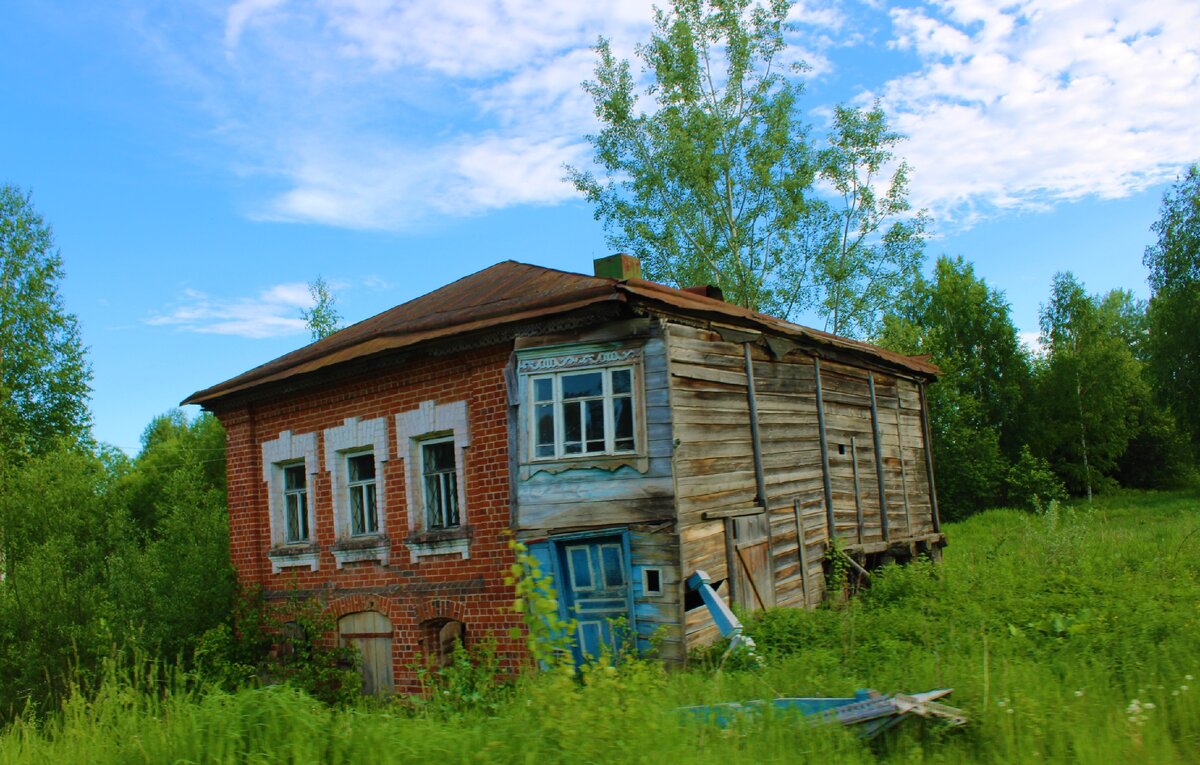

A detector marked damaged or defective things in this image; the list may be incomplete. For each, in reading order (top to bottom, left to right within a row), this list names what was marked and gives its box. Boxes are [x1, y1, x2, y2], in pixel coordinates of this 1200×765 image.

rusty metal roof [184, 261, 936, 410]
pile of broken boards [681, 690, 969, 738]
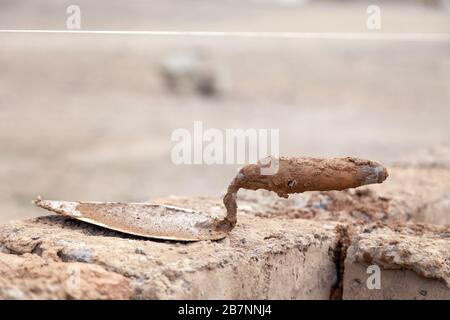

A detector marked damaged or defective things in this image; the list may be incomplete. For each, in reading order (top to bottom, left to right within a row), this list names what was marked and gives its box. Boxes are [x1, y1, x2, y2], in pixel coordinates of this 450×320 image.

rusty trowel blade [33, 199, 229, 241]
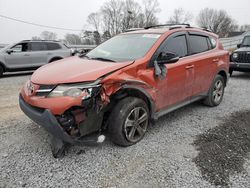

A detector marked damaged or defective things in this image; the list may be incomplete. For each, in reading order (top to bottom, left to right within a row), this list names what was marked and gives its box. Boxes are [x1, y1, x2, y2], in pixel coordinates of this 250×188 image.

broken headlight [47, 80, 100, 99]
crumpled hood [31, 55, 133, 84]
damaged orange suv [19, 24, 229, 158]
detached front bumper [19, 94, 74, 145]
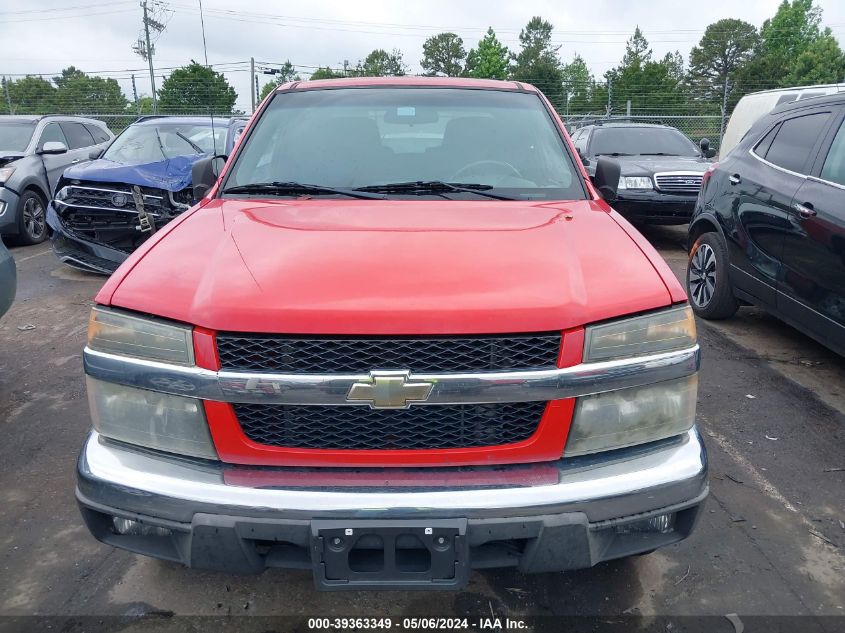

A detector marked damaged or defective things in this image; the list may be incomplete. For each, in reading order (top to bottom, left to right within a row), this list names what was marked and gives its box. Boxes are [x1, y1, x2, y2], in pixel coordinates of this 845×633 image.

damaged blue car [48, 115, 247, 272]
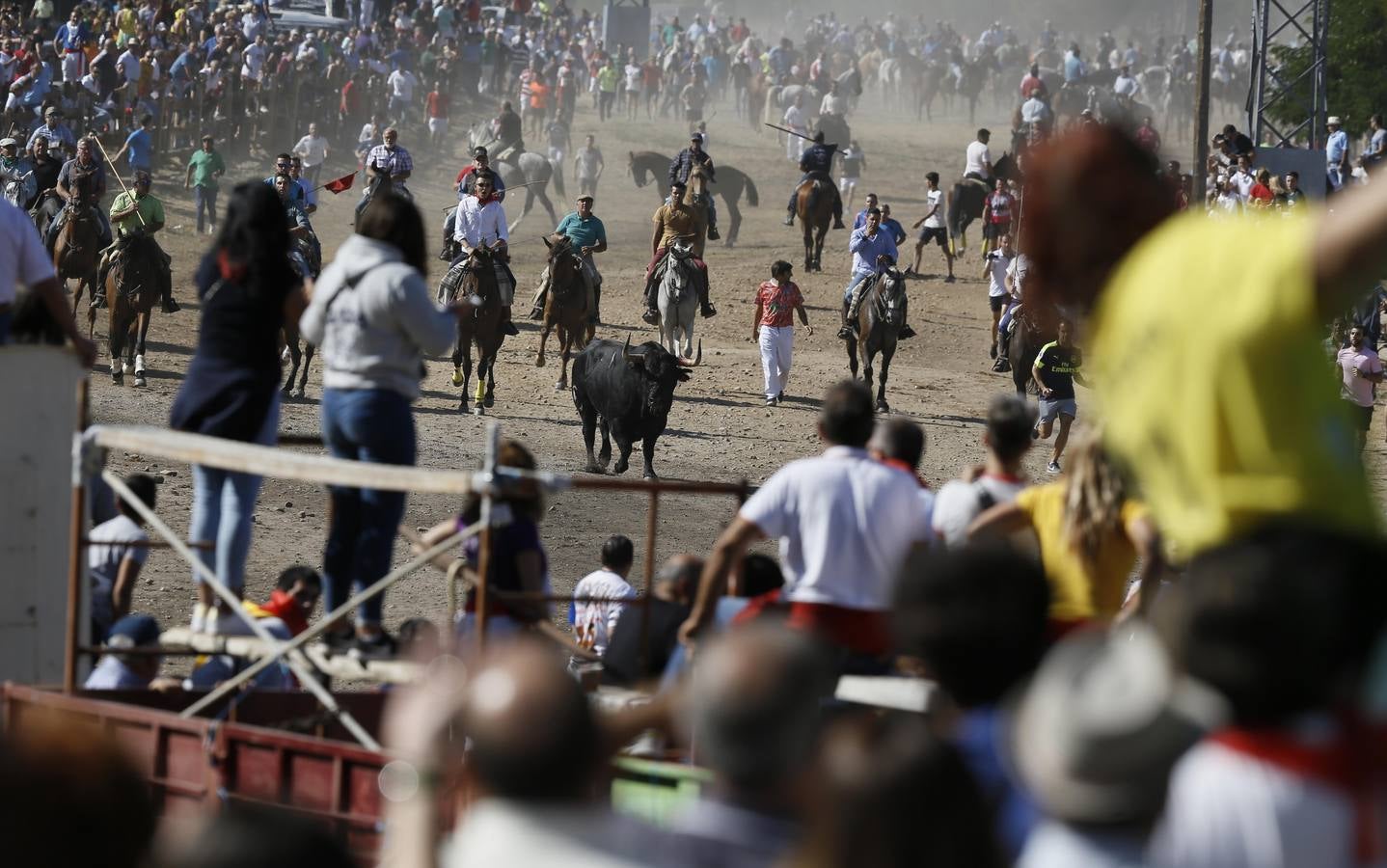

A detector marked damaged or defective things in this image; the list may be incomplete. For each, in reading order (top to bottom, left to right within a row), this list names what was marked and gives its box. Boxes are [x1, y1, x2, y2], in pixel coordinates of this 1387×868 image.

rusty metal pole [1192, 0, 1214, 200]
rusty metal pole [63, 377, 89, 690]
rusty metal pole [638, 488, 660, 676]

▶ **PROBLEM TO WORK ON**: Nothing should be returned except the lines from the one holding "this 1387×868 image." through the final line of the listing, exactly as they appear.

▶ **WRITTEN RESPONSE**:
A detector marked damaged or defective things in this image; the list may be incomplete. For each, in reading order (top to bottom, left to right within a row), this list names what was marked and gives its box. Boxes are [x1, y1, x2, y2], in pixel coordinates of this 1387×868 image.

rusty metal pole [1192, 0, 1214, 200]
rusty metal pole [63, 377, 89, 690]
rusty metal pole [638, 488, 660, 676]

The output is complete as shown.